AMENDMENT TO FDP TERMS AND CONDITIONS
CONCERNING ALLOCATION AND DOCUMENTATION OF COSTS
To be added as a new subparagraph 2.h.s
h. Allocability and Documentation Standards
(a) Cost Principles
The recipient institution is responsible for ensuring that costs charged to this award are allowable, allocable, and reasonable under the applicable cost principles.
(b) Internal Controls
The institution's financial management system shall ensure that no one person has complete control over all aspects of a financial transaction.
(c) Multiple Benefit (SEE APPENDIX FOR NIH/ADAMHA LANGUAGE)
If a cost benefits two or more projects or activities, the costs may be charged or transferred to either or any of the awards involved as long as the productivity and the approved scope of those awards are maintained; the costs are otherwise allowable; and the proper internal controls are in effect (see (a) and (b) above).
Federal requirements for documentation are specified in OMB Circulars A-110 and A-21 and agency policies on cost transfers.
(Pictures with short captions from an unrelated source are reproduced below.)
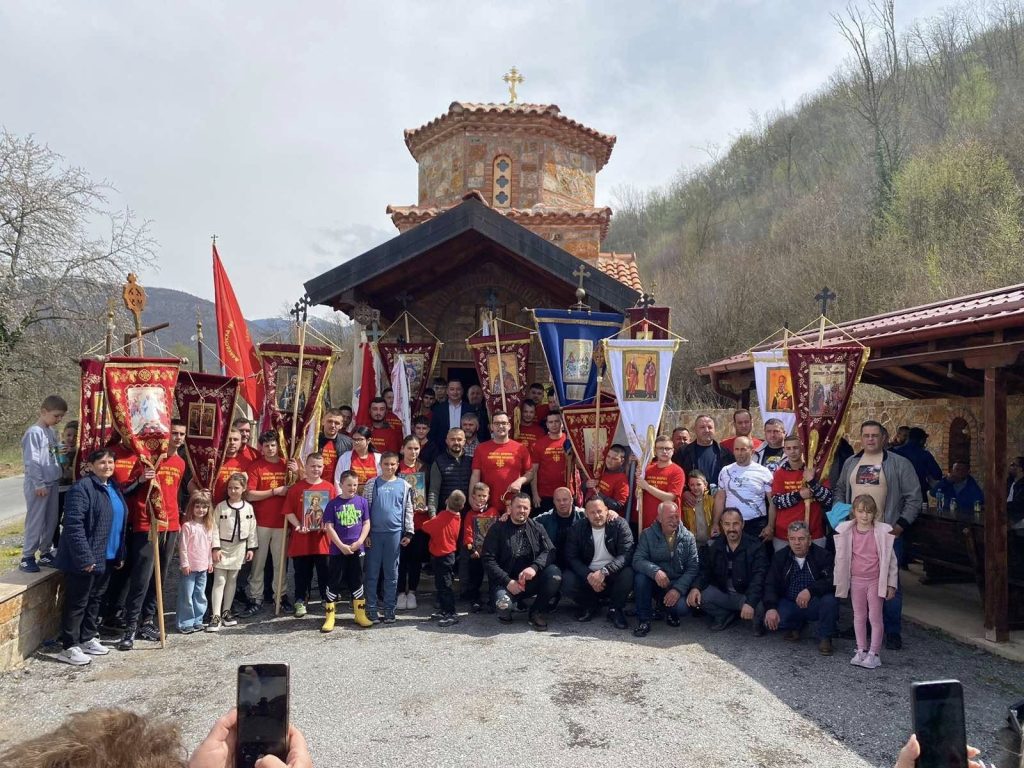 Во Лешани одбележан традиционалниот обичај „Покрсти“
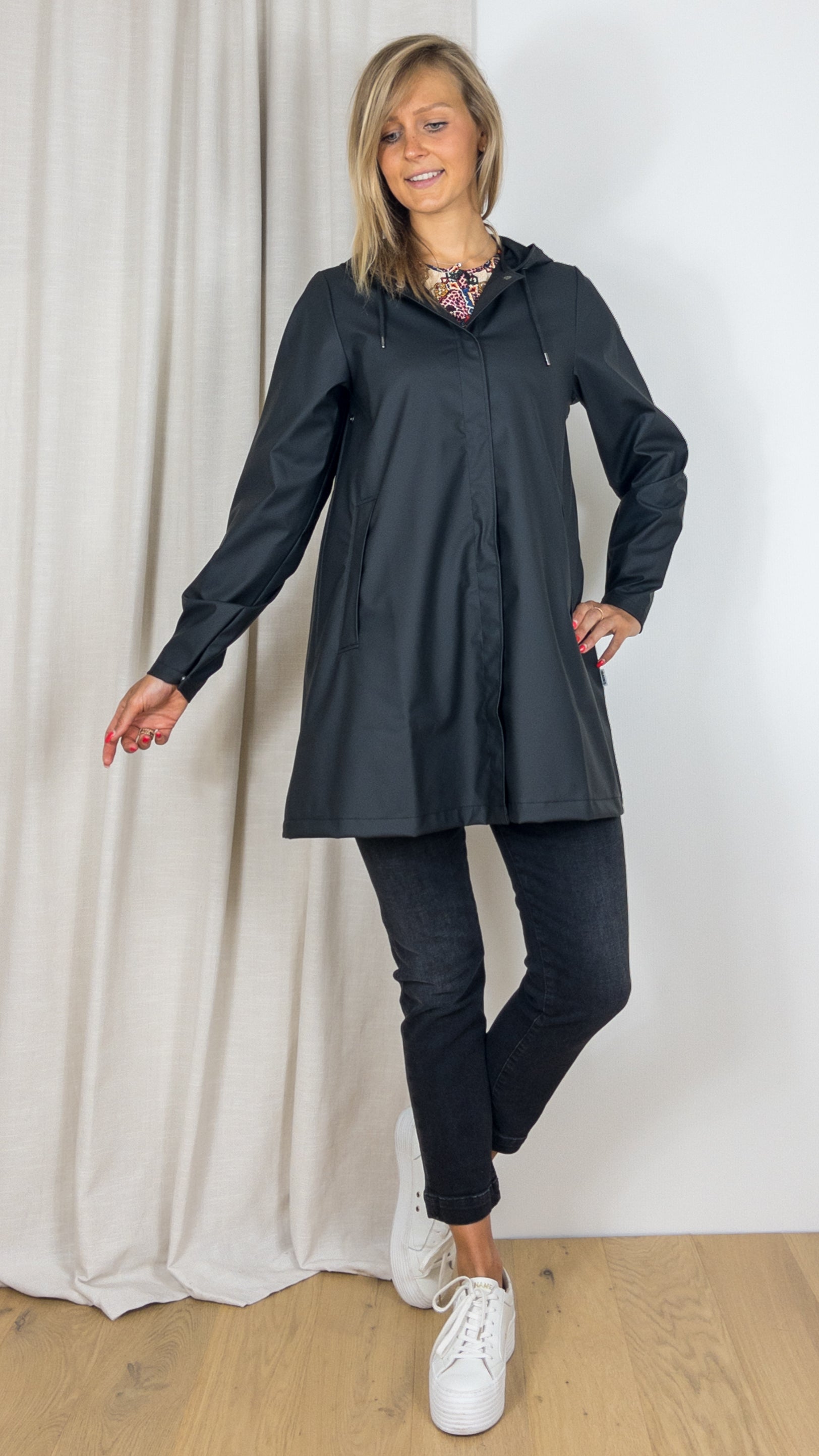 PARKA EVASEE RAINS 18050 A-LINE W JACKET BLACK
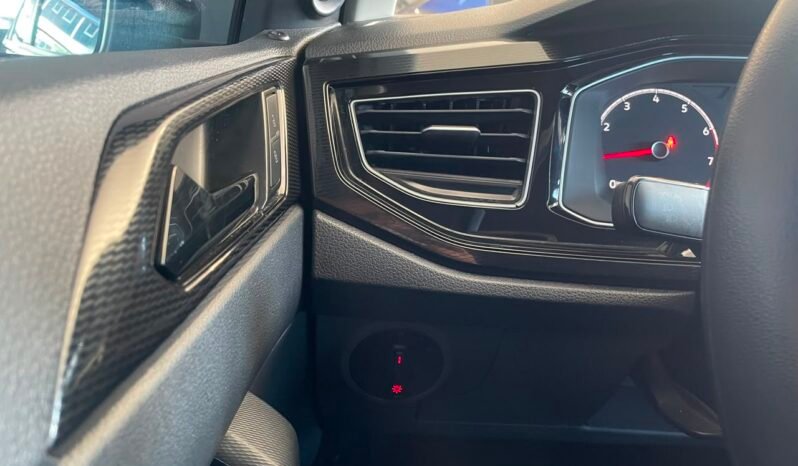 VolksWagen Polo Track 2025 completo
If the institution authorizes the Principal Investigator to have primary responsibility for the management of grant funds, then the institution's documentation requirements (e.g. signature or initials of .the Principal Investigator or designee or use of a password) need not provide for additional documentation (explanations or certifications) beyond that required in this paragraph h.
Agency-Specific Terms and Conditions
National Institutes of Health
Alcohol, Drug Abuse, and Mental Health Administration
Delete subparagraph 2.h.(c) and replace with the following:
(c) Direct Cost Allocation Principles
If a cost benefits two or more projects or activities in proportions that can be determined, the cost should be allocated to the projects based on the proportional benefit.
If a cost benefits two or more projects or activities in proportions that cannot be determined because of the interrelationship of the work involved, the costs may be allocated to benefitted projects on any reasonable basis.
Guidelines for Implementing the Direct Cost Allocation Principles for
NIH and ADAMHA Awards Covered by the FDP
[NOTE: Although the following guidelines use salary costs as an example, the same principles apply to all other types of direct costs.]
Example #1: An employee works full-time on activities that primarily or solely benefit Project A. 100% of the employee's salary should be charged to Project A.
Example #2: An employee works 60% of his or her time on activities that primarily or solely benefit Project A, and 40% on activities that primarily or solely benefit Project B. The employee's salary should be allocated 60%-40% between the two projects.
Example #3: All of the work performed by an employee provides
common benefit to Project X and Project Y, and it is
not possible to measure the proportional benefit to either project. The employee's salary may be allocated on any reasonable basis between the two projects (including being assigned entirely to one of the projects).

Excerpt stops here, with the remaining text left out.